前回ご紹介した通り、僕は「1ヵ月10冊」の最低ノルマをこなすために、池井戸潤『下町ロケット』の四部作のうち、第二作以降を通しで読むという行動に出た。この流れで行けば、僕のキンドルに入っている過去の池井戸作品でも読んで冊数の荒稼ぎでもしようかとなりそうなところだったが、そこでたまたま、これまた時々読んでいる原田マハの作品が、Kindle Unlimitedに挙がっているのに気付いた。
「さいはて」とあるぐらいだから、たぶん北海道が舞台として出てくる作品だろう。(余談だが、「さいはて(最果て)」といったら、別に九州の最南端だってそうとは言える筈なのに、どうしても北の果てを連想してしまうのはなぜなんだろうか…)

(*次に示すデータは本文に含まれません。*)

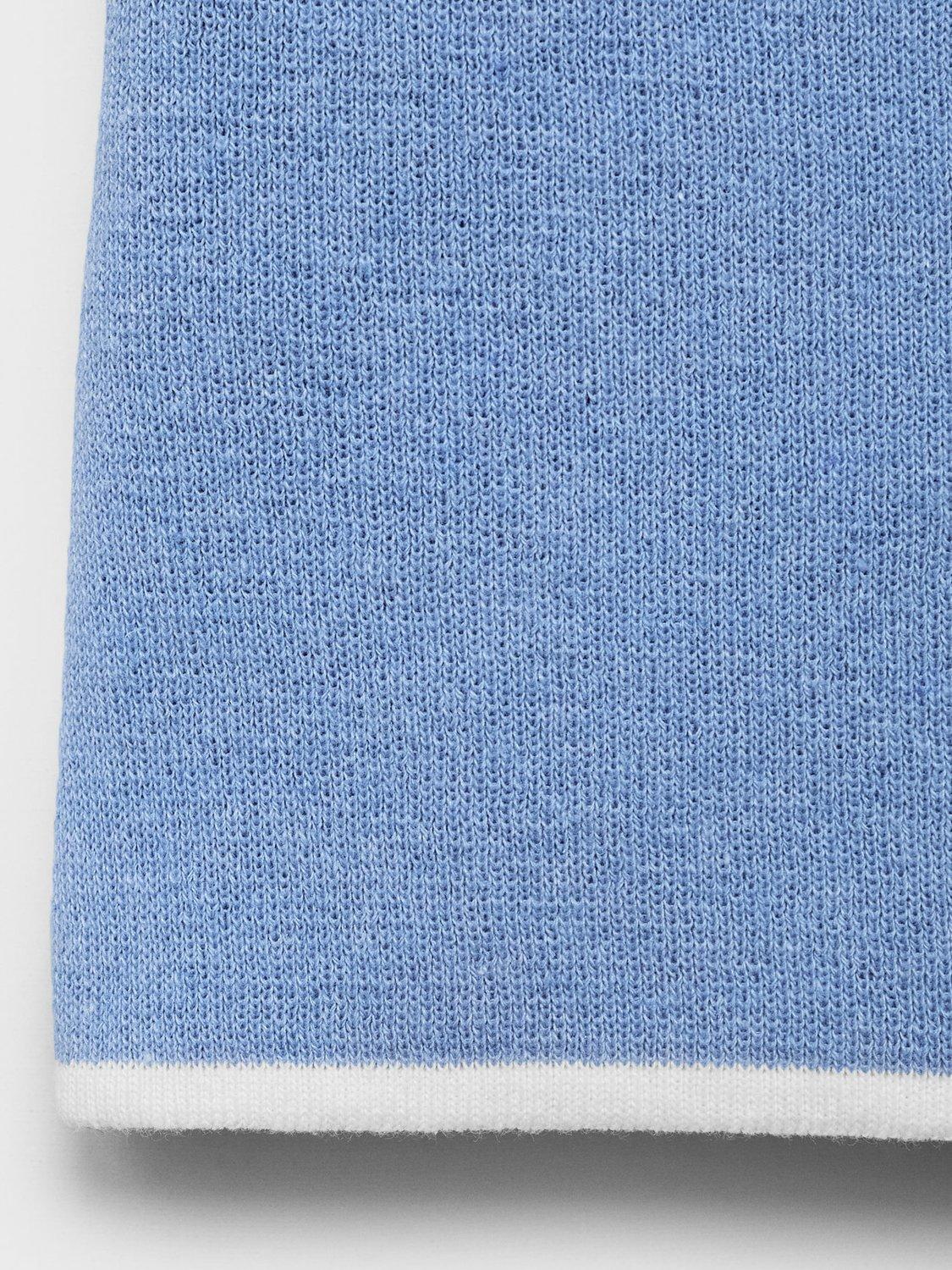 Product image 5 of 8, which shows Mango Brunitu Contrast Trim Knit Top, Pastel Blue, L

北海道で本の仕事をしている親友との話のネタにでもしようと考え、急遽予定を変更して読んでみることにした。収録されているのは4作品のみで。184頁と比較的薄めのボリュームだが、短編というよりは中編に近い。ちょっと息抜きで読もうとしても、1話読了するにはそれなりの時間が必要となる。収録されたどの作品も主人公は女性だが、最初の3作品(「さいはての彼女」「旅をあきらめた友と、その母への手紙」「冬空のクレーン」)は、恋と仕事に疲れた30代のキャリアウーマンが旅に出るお話。残る「風を止めないで」だけは、前3作と違い、旅に出た夫や娘を見送る50代か40代後半(?)の女性のお話となっている。
こういう作品が50代終盤のオジサン読者のテーストに合っているとはとても言えないけれど、北海道道東地方を訪れたことがある人間にとっては、ちょっと懐かしさもある風景描写であった。
21歳の時と31歳の時、そしていずれも夏、僕は道東を1人で旅したことがある。なんだかまた行ってみたくなってしまった。「ハーレーダビッドソン」というわけにはいかない、女満別から入ってレンタカーでも借りて行くのでもいいから、今の仕事を辞めたら一度ぐらいは夏にまた行ってみたい。(さすがに寒さ嫌いの自分としては、冬は行きたくないが…)
今みたいに、山間地に住んでいて、足元に広がるインドの大平原を垂涎の眼差しで眺めつつ、国境を越えて簡単にはそこに行けないと、その反動で、なんかだだっ広い平原にまっすぐ伸びる道路を走ってみたくなる。日本に帰ったら、そんなことが可能なのは、やっぱり北海道なのかな―――。
もう1つの旅先の舞台は伊豆の修善寺(「旅をあきらめた友と、その母への手紙」)で、ここも行ったことはある。ただ、修善寺とはいっても、修善寺っぽいものが登場するわけではなかったけれど。
そういう意味ではお得な短編集だとは言える。旅に出た気分にはなれるので、現在の閉塞感のある土地で居住する身にはホッと息抜きできる、いい読書だった。